29 October 2018

Nazi vs. Anti-Nazi POWs in Texas

From The Enemy Within Never Did Without: German and Japanese Prisoners of War At Camp Huntsville, Texas, 1942-1945, by Jeffrey L. Littlejohn and Charles H. Ford (Texas Review Press, 2015), Kindle Loc. 804-837:
Interestingly, in 1943, administrators at Camp Huntsville and the Eighth Service Command seem to have been primarily concerned with ridding the camps of the anti-Nazis who were viewed as a “potential source of disturbance” and “trouble-makers,” rather than the die-hard Nazis. Yet, the problems at Camp Huntsville and other sites ran deeper than a few outspoken anti-Nazis. The reasons for Huntsville’s continued problems dated to its inception. The majority of the men at the camp were from the Afrika Korps captured during operations early in the war. Unlike many of the prisoners captured in Italy and Europe, who would later populate the camp, these men were part of the professional German Army, and included a significant proportion of political Nazis, SS, and Gestapo men. The United States, despite admonishment from the more experienced British, had failed to screen the majority of its POW population. As a result, a minority of anti-Nazis mixed with this much larger general population of prisoners. That minority would come under regular attack throughout the war, but Huntsville was an especially bad place to be an anti-Nazi.

The anti-Nazis did little to help their own cause with the Americans, however. Many were radicals who were aligned with left-wing elements that had been suppressed in Germany in 1919 by returning members of the army after the November 11 Armistice. Others were former political prisoners with communist leanings or avowed members of the communist party. Their radicalism sometimes led to counter-productive behavior, like refusals to salute American officers as part of a general rejection of militarism and not just Nazism. In contrast, Nazis appear to have relished delivering their stiff armed salute to the Americans. Both the refusal to salute and the Nazi salute were essentially political acts, but the Nazi salute, in context, was a proper rendering of military courtesy, whereas the Americans viewed the refusal to salute as subversive and unbecoming of a military member.

Anti-Nazis also considered themselves “free” of past constraints; Freiheit hinter Staacheldraht (freedom behind barbed wire) as they called it. This led to outspoken behavior in which they freely discussed the downfall of the Hitler regime and preached their political beliefs. They also considered the Americans allies and wanted to help them, which they usually did by informing on their fellow prisoners. Consequently, their fellow prisoners, even those who were not ardent Nazis, viewed anti-Nazis as traitors, deserters, and snitches, and they were a constant source of trouble within camps where their numbers offered them a degree of safety.

It should not be surprising, then, that American guards generally viewed the anti-Nazis through a similar lens as the Nazis—many of the anti-Nazis were traitors and snitches to their own side, and generally disruptive in many cases.

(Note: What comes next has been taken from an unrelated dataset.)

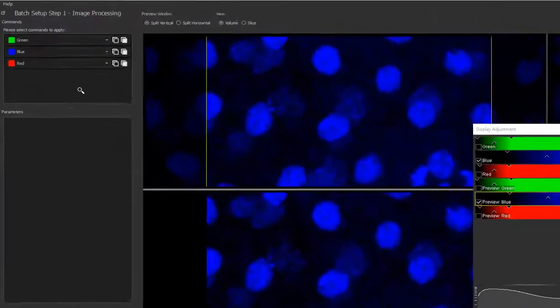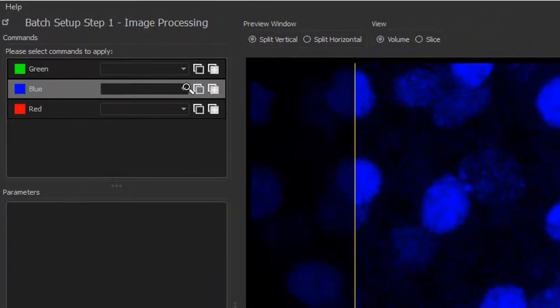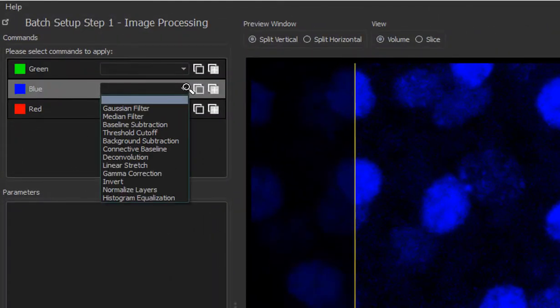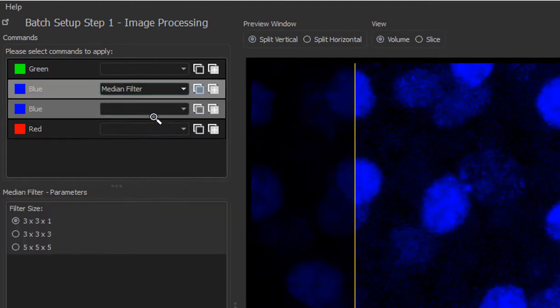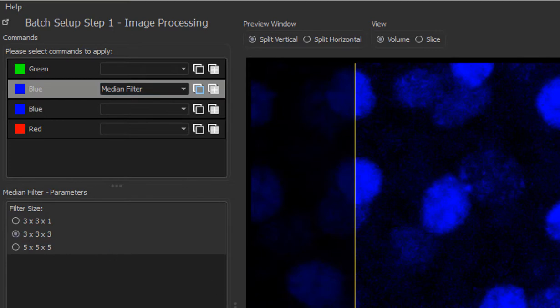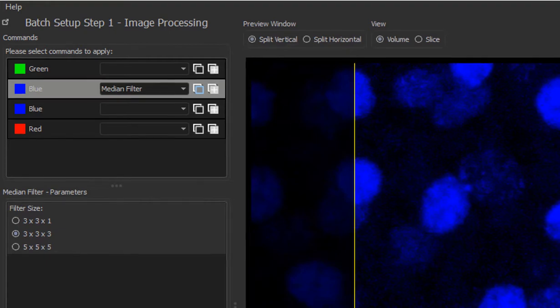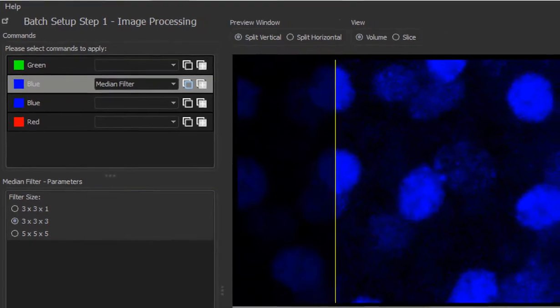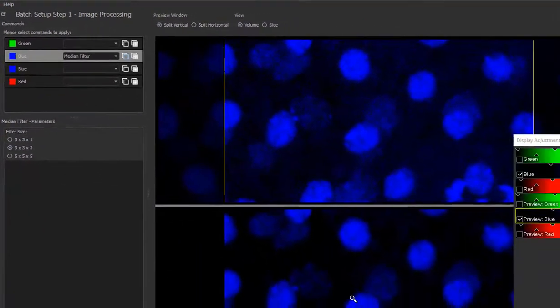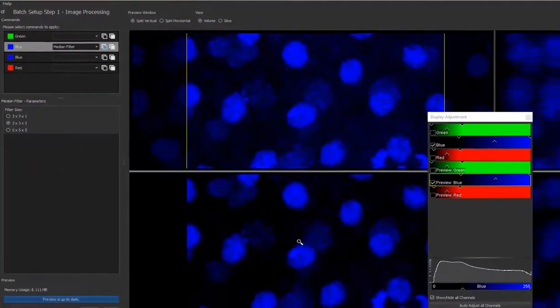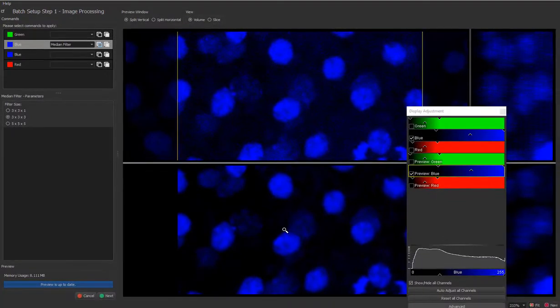In the Batch Setup Step 1, image processing, select median filter from the drop down menu for blue channel and then select 3x3 sampling window. As shown in the image processing tutorials, you can add multiple image processing operations to different channels in this step, but here for simplification, I will focus on one channel.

Anti-Nazis, like defectors, spies, or snitches, were greeted with suspicion and a certain amount of distaste, even when they provided valuable information. However noble their motives, the consequence of their actions meant their captors often treated anti-Nazis with a degree of suspicion.

In any case, camp administrators were more concerned with order and discipline within their camps than with any political argument between Germans, who were, as a group, viewed as the “enemy.” Any anti-Nazi attempting to cozy up to guards, demanding special treatment, or causing trouble, was a problem, no matter the political reasoning behind it. Until the development of the re-education program later in the war, which channeled the activities of the anti-Nazis into a U.S. coordinated program, the activities of most anti-Nazis within their respective camps caused problems and garnered few converts to their cause.